:: Data shown ::
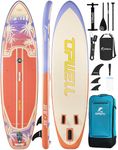 UPWELL Inflatable Stand Up Paddle Board, Premium SUP Paddle Boards for Adults, 10’8”Blow up Paddle Boards 6” Thick, Island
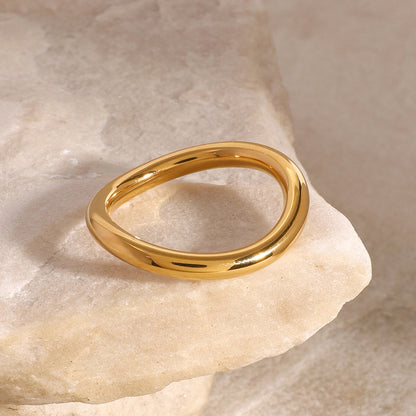 18K Gold and Silver Clean Lines Chic Stacking Rings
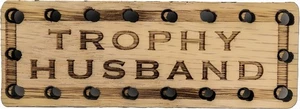 Trophy Husband Oak Wood Patch- 3.5x1.25 inch - W1105 - Picture 1 of 2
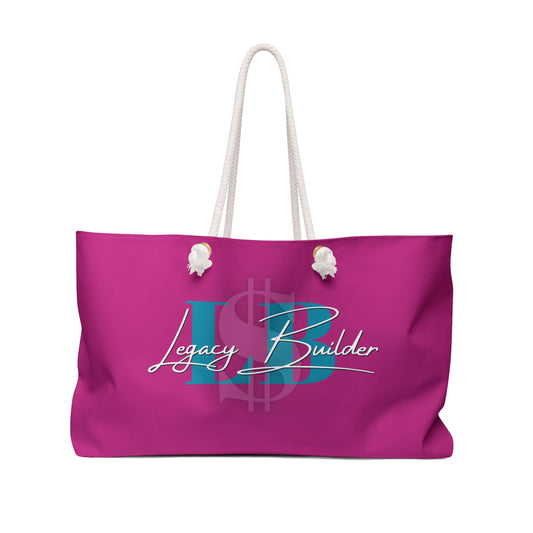 DNT: Legacy Builder - Weekender Bag (Dark Pink)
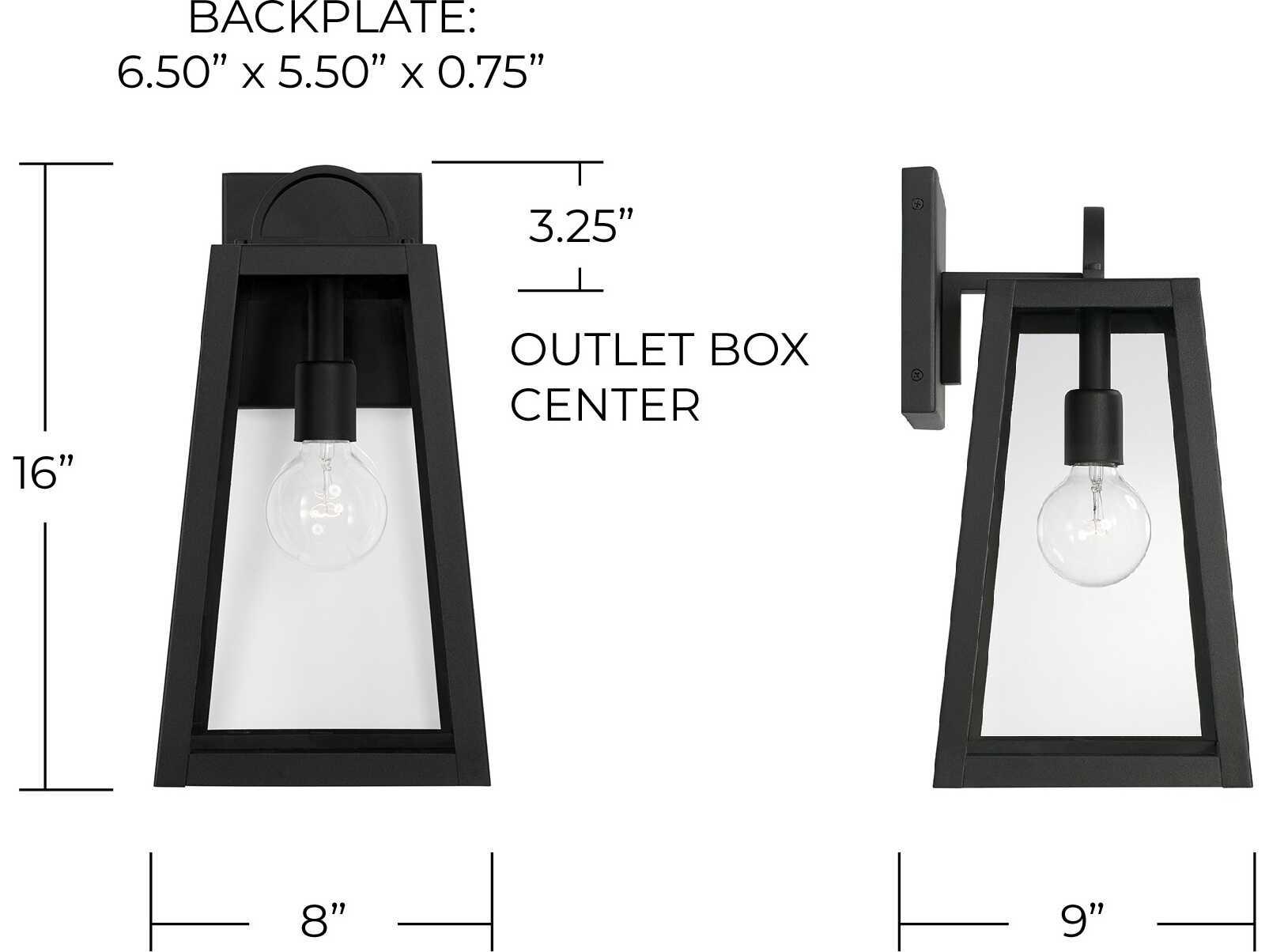 Capital Lighting Leighton Outdoor Wall Light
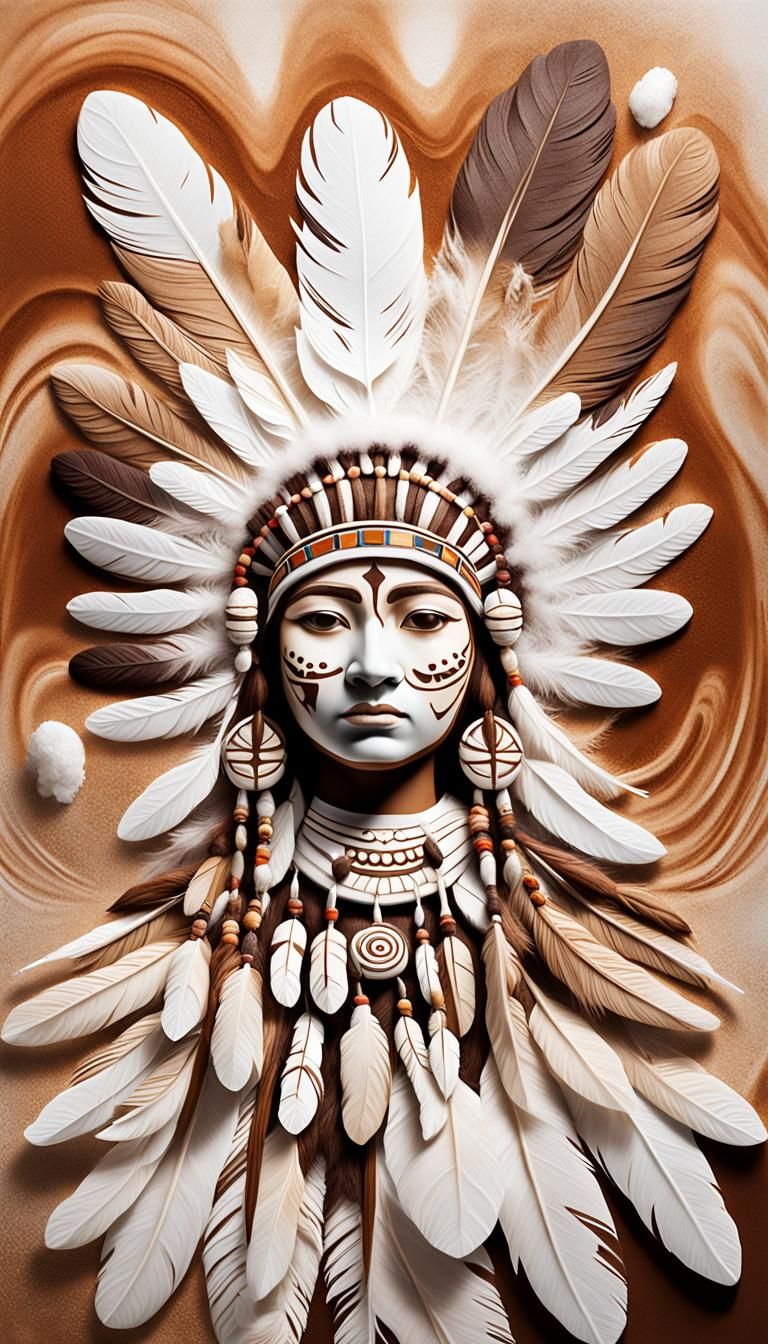 Native American Indian Latte Art by Kangbin Lee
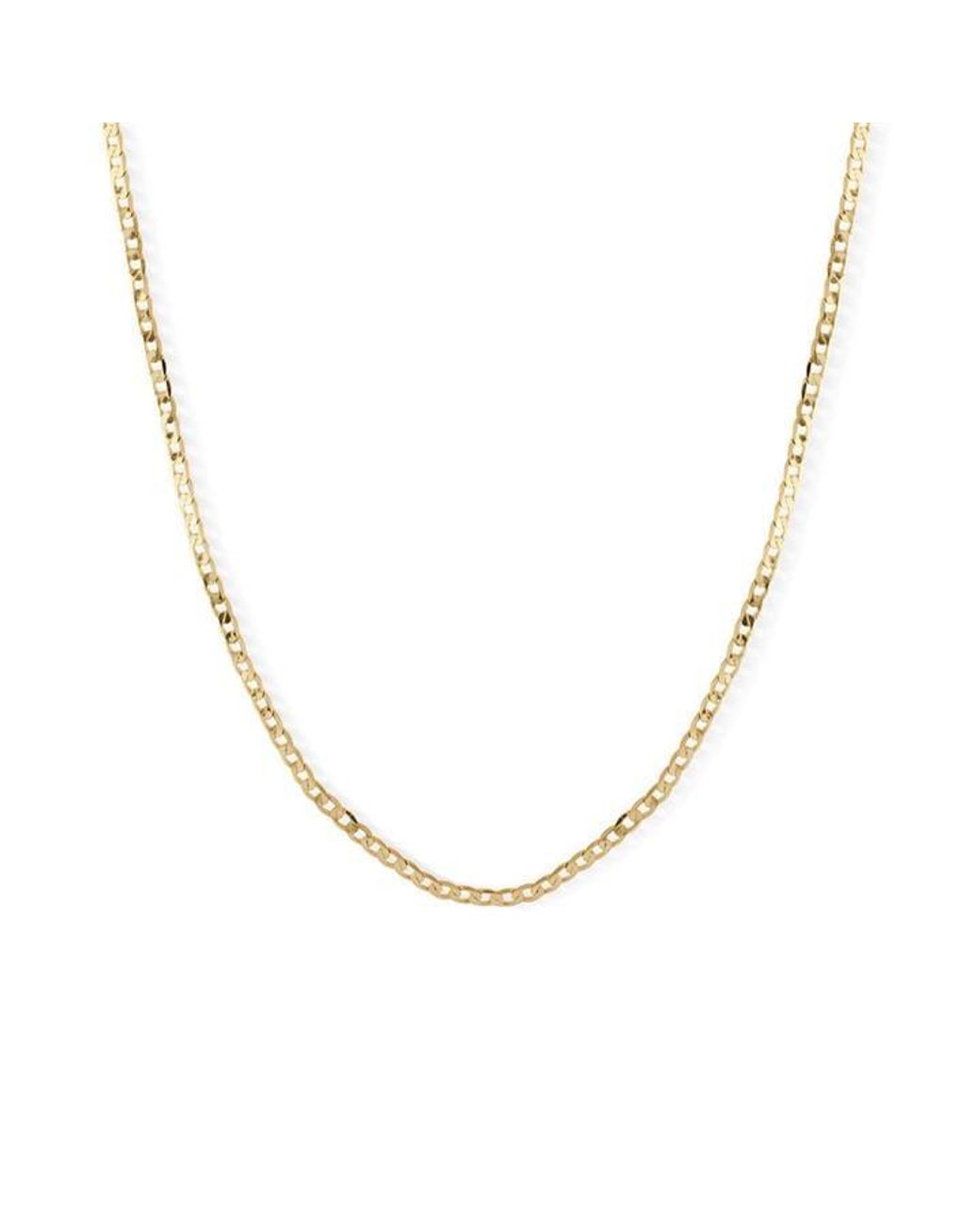 Serge Denimes Metallic Flat Cuban Chain for men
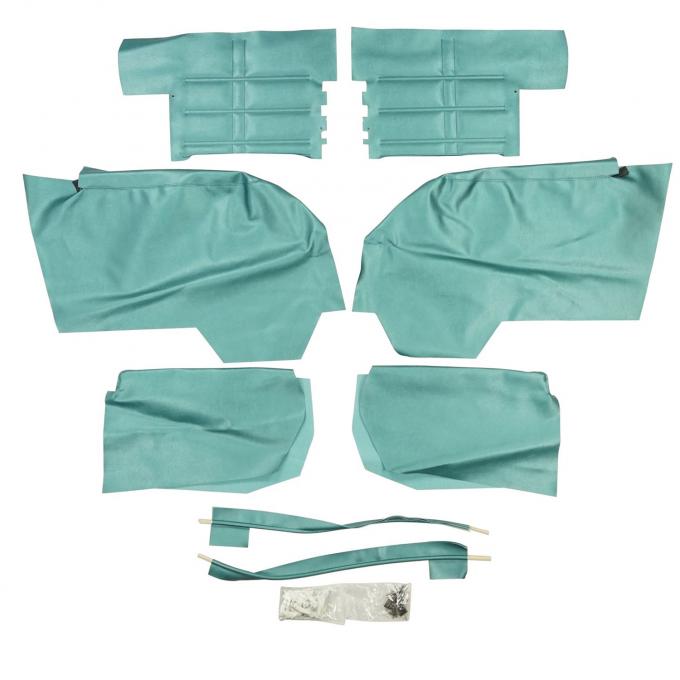 PUI Interiors 1963 Chevrolet Impala/SS Convertible Aqua Rear Door Panels 63BD50V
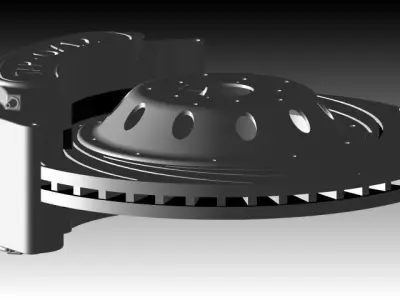 Brake Disc TAR OX12 3D model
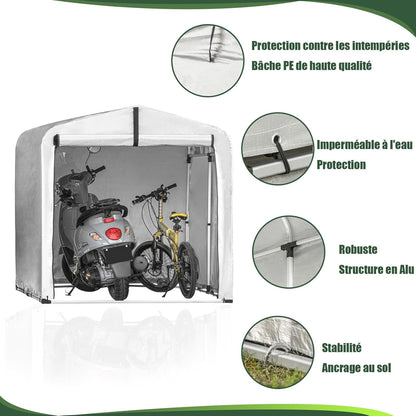 Fietsenstalling – Fietsenberging – Fietsenhok – Fietsopslag – Fietsgarage – Stevig Metaal – Afmetingen 120x176x163 cm
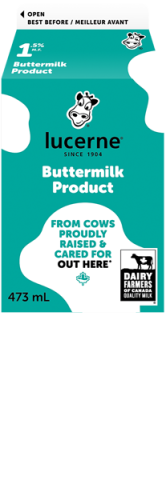 473ML LUCERNE BUTTERMILK 1.5%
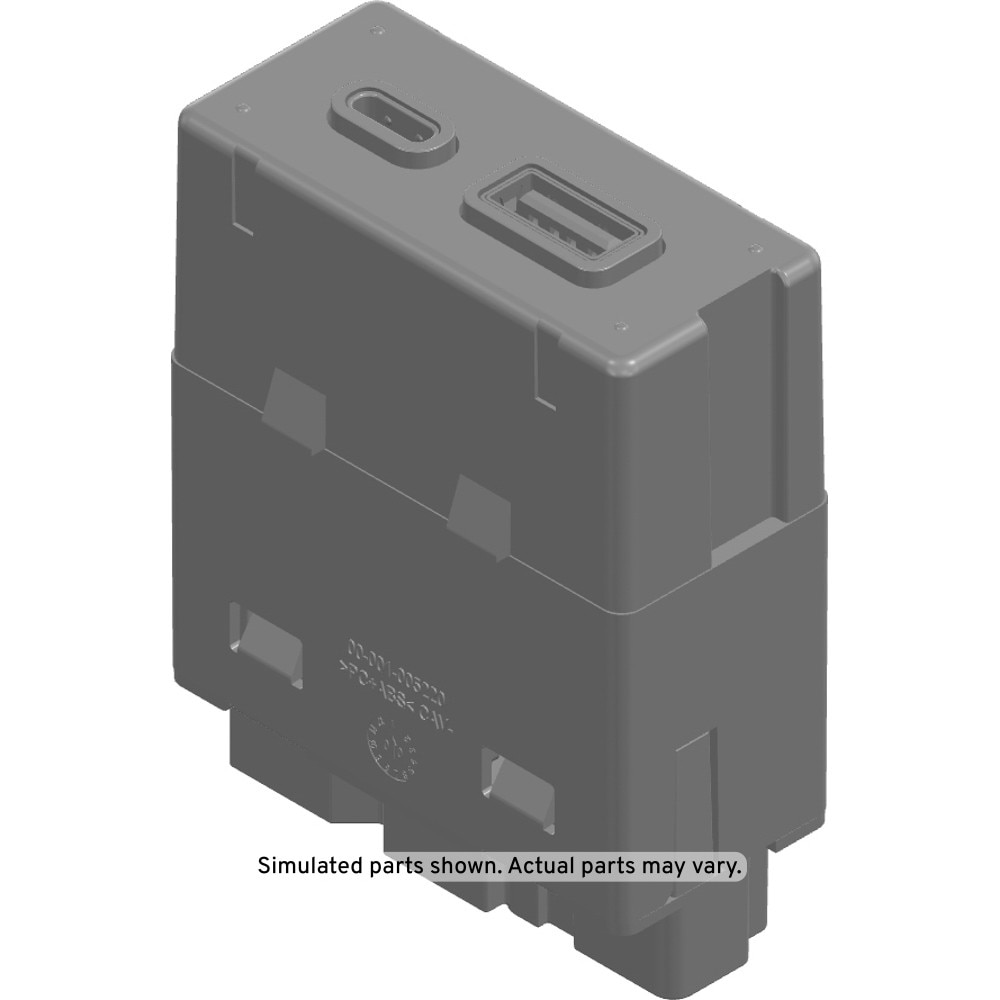 GM Genuine Parts Jet Black USB 2 Port Receptacle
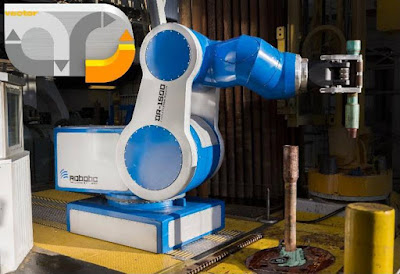 2016 Gold vector award won by Heavy-duty Oil Rig Robot at Hannover Messe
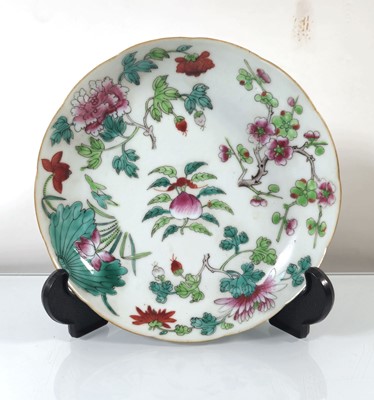 Lot 152 - A Chinese Export Qing Dynasty famille rose...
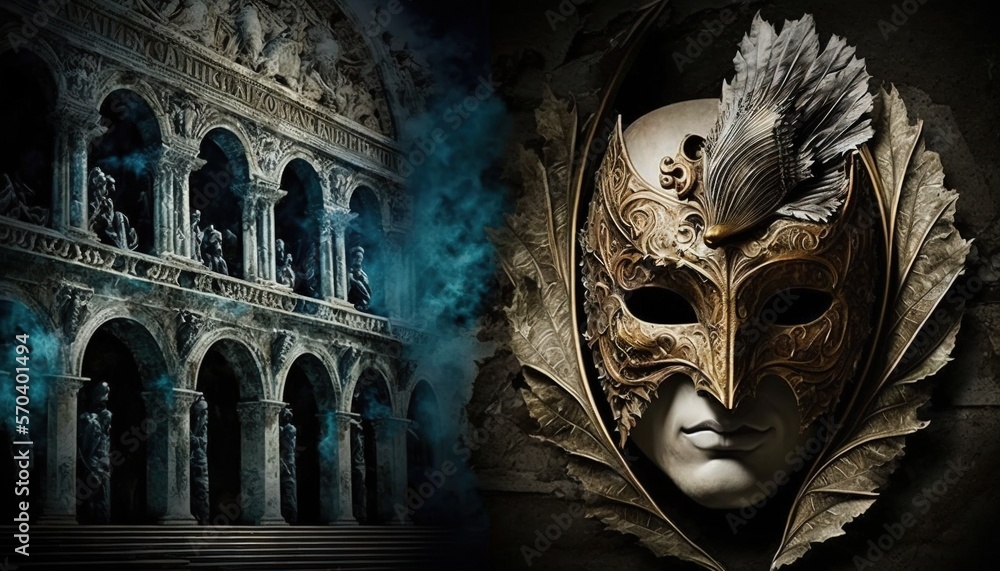 Aufkleber a mask and a building with smoke coming out of the windows and a picture of a building with smoke co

:: Exercise directions ::
Your reply should hold only the lines running from the one with "2016 Gold vector" to the end of the data above, set down exactly, pictures omitted.

:: Solution to this exercise ::
 2016 Gold vector award won by Heavy-duty Oil Rig Robot at Hannover Messe
 Lot 152 - A Chinese Export Qing Dynasty famille rose...
 Aufkleber a mask and a building with smoke coming out of the windows and a picture of a building with smoke co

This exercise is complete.